RECORDS TO USE: Begin
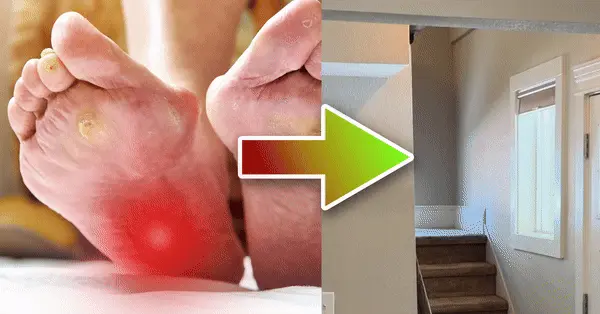 before and after using Akusoli insoles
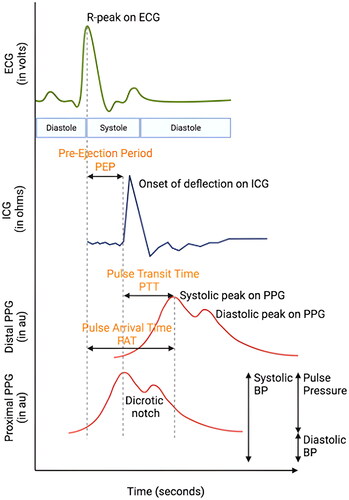 Figure 3. Determination of PAT and PTT in various modalities that combine photoplethysmography with biosignals for blood pressure estimation.ICG: impedance cardiography, SCG: seismocardiography, ECG: electrocardiography, IPG: impedance plethysmography, PPG: photoplethysmography, BCG: ballistocardiography, PAT: pulse arrival time, PTT: pulse transit time.Modified from Welykholowa et al [Citation198].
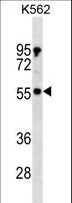 PDPK1 / PDK1 Antibody - PDPK1 Antibody western blot of K562 cell line lysates (35 ug/lane). The PDPK1 antibody detected the PDPK1 protein (arrow).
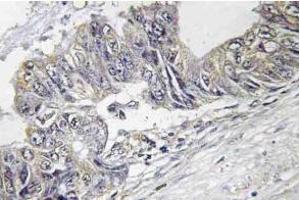 Immunohistochemistry (IHC) analyzes of p-JNK1/2/3 antibody in paraffin-embedded human colon carcinoma tissue. (JNK antibody  (pThr183))
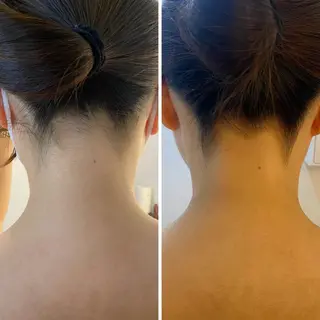 うなじ脱毛/美肌脱毛 LABELのエステ・リラクイメージ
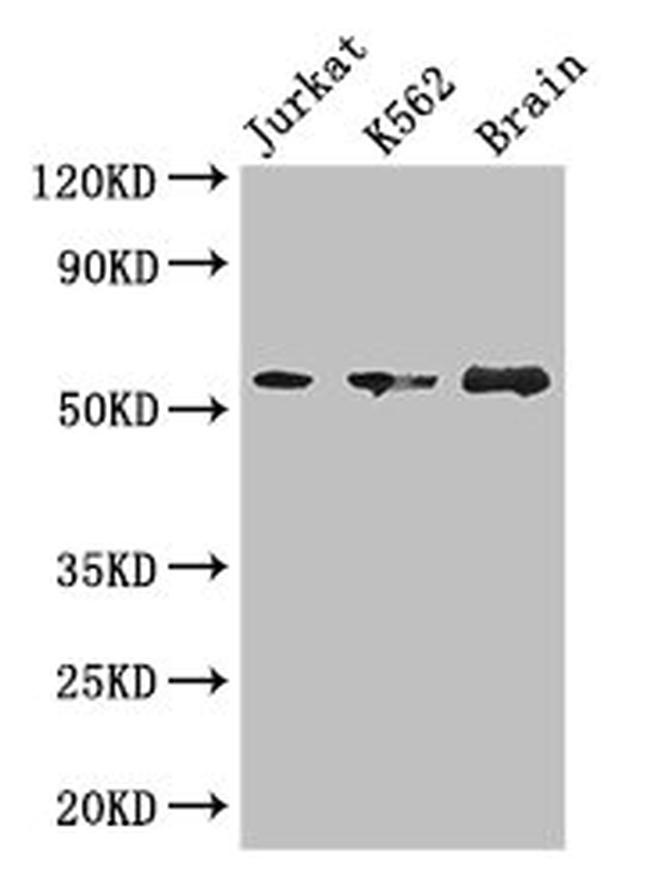 KIAA0513 Antibody in Western Blot (WB)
RECORDS TO USE: End
Restate word for word the lines from the one containing "Immunohistochemistry (IHC) analyzes" through the end of the material above, both included, and nothing besides; drop the pictures.

* _PROBLEM SOLUTION_
 Immunohistochemistry (IHC) analyzes of p-JNK1/2/3 antibody in paraffin-embedded human colon carcinoma tissue. (JNK antibody  (pThr183))
 うなじ脱毛/美肌脱毛 LABELのエステ・リラクイメージ
 KIAA0513 Antibody in Western Blot (WB)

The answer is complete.